ここでリスト内包表記のforを使っているのは、abs()関数は入力としてリストなどを受け付け、纏めて絶対値化することができないからです。
つまり、纏めて絶対値にする方法があれば内側のforを排除できそうです。

そこで活躍するのが我らがnumpyモジュールのnumpy.abs()です。これは複数の値を纏めて絶対値に変換することができます。
以下のようにしてみましょう。

import numpy as np

for i in range(1, N):
    # K個前までの足場から飛んできた後の合計コストが低いものを代入
    # numpy を使うと纏めて abs できる
    dp[i] = min(dp[max(0, i-K): i] + np.abs(h[i] - h[max(0, i-K): i]))

改善後

というわけでこんな感じになりました。

import sys
from typing import List

import numpy as np

def solve (N: int, K: int, h: List[int]) -> int:

    # テーブル定義
    dp = np.zeros(N, dtype=int)
    h = np.array(h)

    for i in range(1, N):
        # K個前までの足場から飛んできた後の合計コストが低いものを代入
        # numpy を使うと纏めて abs できる
        dp[i] = min(dp[max(0, i-K): i] + np.abs(h[i] - h[max(0, i-K): i]))

    return dp[N-1]

def main () -> None:

    # 入力関数を sys.stdin.readline に変更
    input = sys.stdin.readline

    N, K = [int(x) for x in input().split()]
    h = [int(x) for x in input().split()]

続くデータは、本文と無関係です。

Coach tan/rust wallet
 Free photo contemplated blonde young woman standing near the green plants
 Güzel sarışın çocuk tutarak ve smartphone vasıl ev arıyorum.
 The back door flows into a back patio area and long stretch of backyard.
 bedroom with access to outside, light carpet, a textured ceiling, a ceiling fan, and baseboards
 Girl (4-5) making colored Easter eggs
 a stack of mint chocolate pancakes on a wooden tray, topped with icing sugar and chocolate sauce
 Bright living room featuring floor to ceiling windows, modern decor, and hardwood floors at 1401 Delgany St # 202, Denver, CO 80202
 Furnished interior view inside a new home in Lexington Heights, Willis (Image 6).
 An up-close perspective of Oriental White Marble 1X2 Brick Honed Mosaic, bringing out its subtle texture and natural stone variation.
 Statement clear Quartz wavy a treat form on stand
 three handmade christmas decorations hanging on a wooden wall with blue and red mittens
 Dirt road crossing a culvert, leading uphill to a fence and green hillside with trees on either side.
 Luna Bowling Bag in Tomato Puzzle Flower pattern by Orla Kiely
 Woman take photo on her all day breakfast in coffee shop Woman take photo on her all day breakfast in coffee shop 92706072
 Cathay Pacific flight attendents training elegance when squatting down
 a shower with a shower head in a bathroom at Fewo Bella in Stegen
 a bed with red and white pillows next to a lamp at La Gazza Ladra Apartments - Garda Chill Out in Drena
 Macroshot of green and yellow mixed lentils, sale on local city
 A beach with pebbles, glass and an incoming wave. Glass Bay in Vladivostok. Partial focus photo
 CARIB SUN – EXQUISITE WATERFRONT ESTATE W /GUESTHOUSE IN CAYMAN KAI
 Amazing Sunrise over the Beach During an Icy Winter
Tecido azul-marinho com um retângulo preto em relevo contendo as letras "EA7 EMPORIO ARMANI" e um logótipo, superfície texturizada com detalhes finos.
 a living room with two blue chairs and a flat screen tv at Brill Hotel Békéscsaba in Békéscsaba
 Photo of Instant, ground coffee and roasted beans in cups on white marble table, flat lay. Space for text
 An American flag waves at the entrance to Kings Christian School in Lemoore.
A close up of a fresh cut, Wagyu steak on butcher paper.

    result = solve(N, K, h)
    print(result)

    return

if __name__ == '__main__':
    main()

結果

それぞれのスコアは以下のような感じです。
004.png
005.png

約29倍もの違いがありますね。
このように、PythonでAtcoderなどの競技プログラミングに挑戦する場合、かなり気を使ったコーディングが求められます。

おわりに

やっぱりC++って圧倒的に早いですね……。普通にAtcoderやるなら素直にC++を使ったほうが良いと思います。

おまけ

Frog 2 の改善していない方のコードをPyPy3(7.3.0)に投げ込んでみました。

006.png

すごく、はやい。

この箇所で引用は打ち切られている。